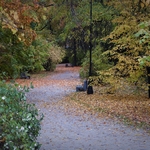 Ścieżka w parku, dookoła drzewa oraz spadające liście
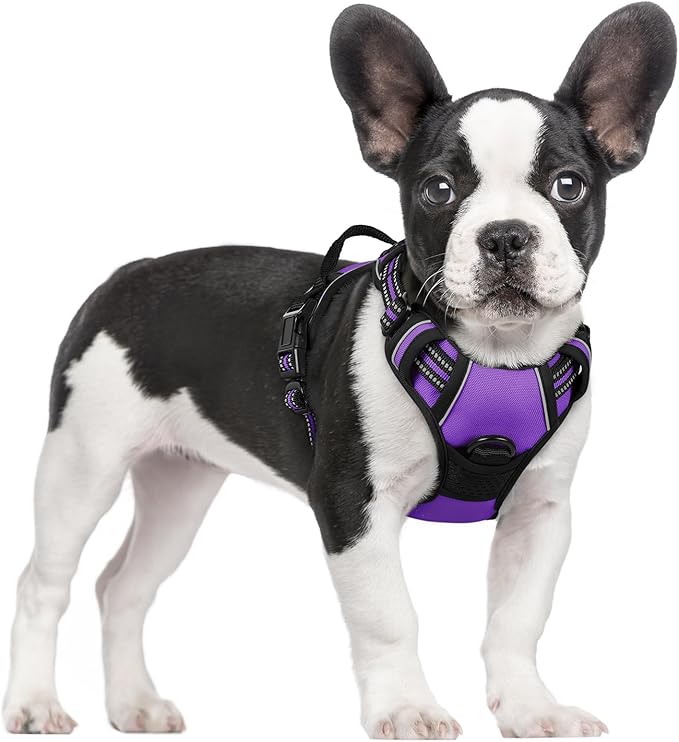 rabbitgoo Dog Harness, No-Pull Pet Harness with 2 Leash Clips, Adjustable Soft Padded Dog Vest, Reflective No-Choke Pet Oxford Vest with Easy Control Handle for Small Dogs, Purple, S
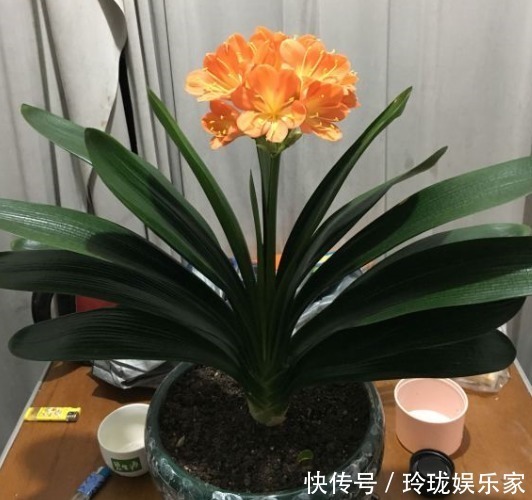 僵苗|君子兰僵苗、黄叶怎么办1个方法一次性解决，到了花期准时开花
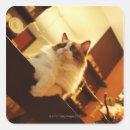 Search for live animal stickers Indoors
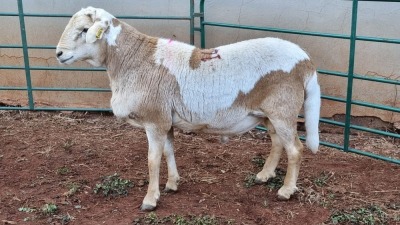 LOT 143 1X MEATMASTER RAM LAPFONTEIN MEATMASTERS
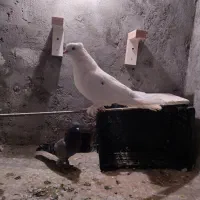 چند عدد کبوتر زیبا و سرحال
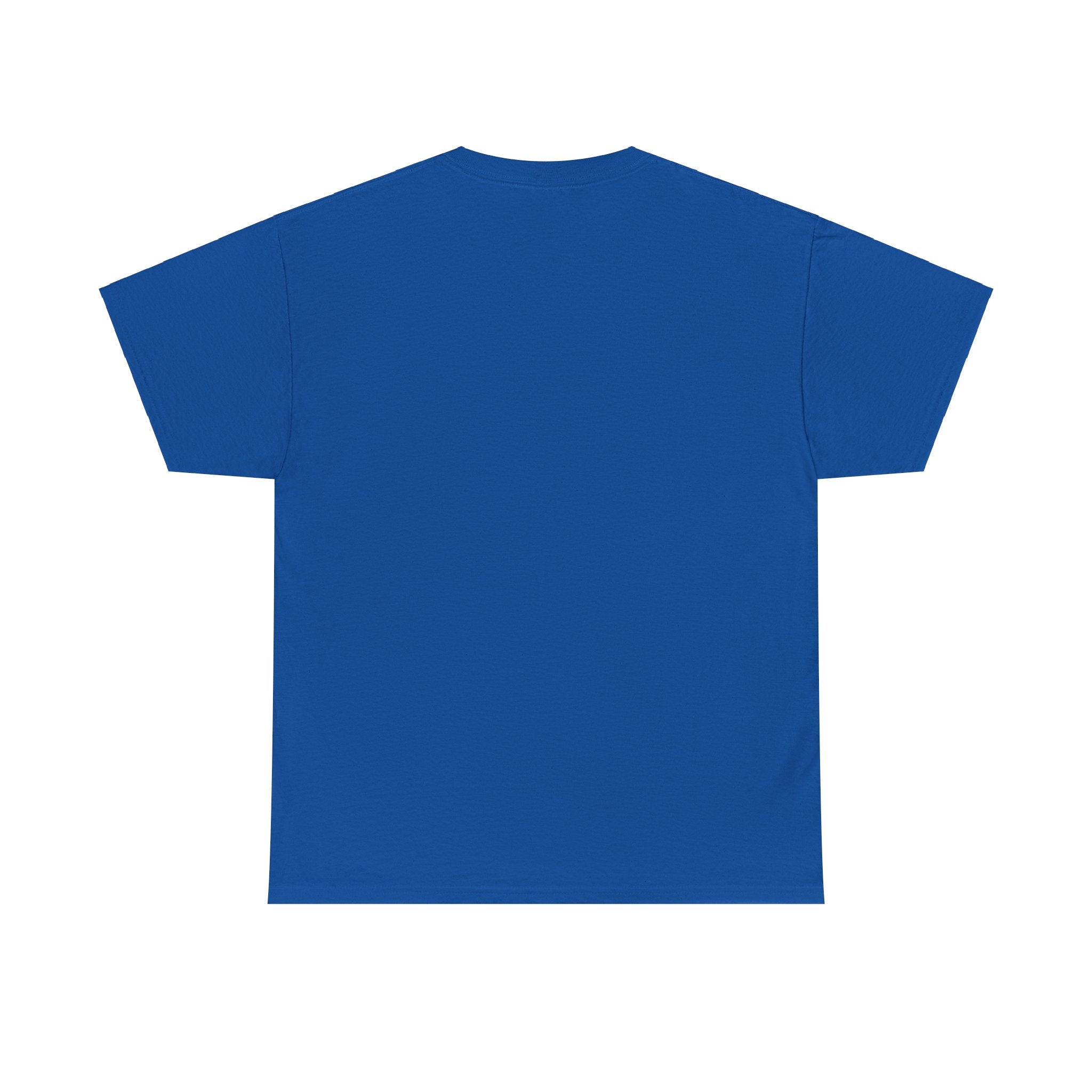 Funny Dad Money Provider Tee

_ _ _ _ _

Write the entries out again word for word. Omit all pictures from them.

 Ścieżka w parku, dookoła drzewa oraz spadające liście
 rabbitgoo Dog Harness, No-Pull Pet Harness with 2 Leash Clips, Adjustable Soft Padded Dog Vest, Reflective No-Choke Pet Oxford Vest with Easy Control Handle for Small Dogs, Purple, S
 僵苗|君子兰僵苗、黄叶怎么办1个方法一次性解决，到了花期准时开花
 Search for live animal stickers Indoors
 LOT 143 1X MEATMASTER RAM LAPFONTEIN MEATMASTERS
 چند عدد کبوتر زیبا و سرحال
 Funny Dad Money Provider Tee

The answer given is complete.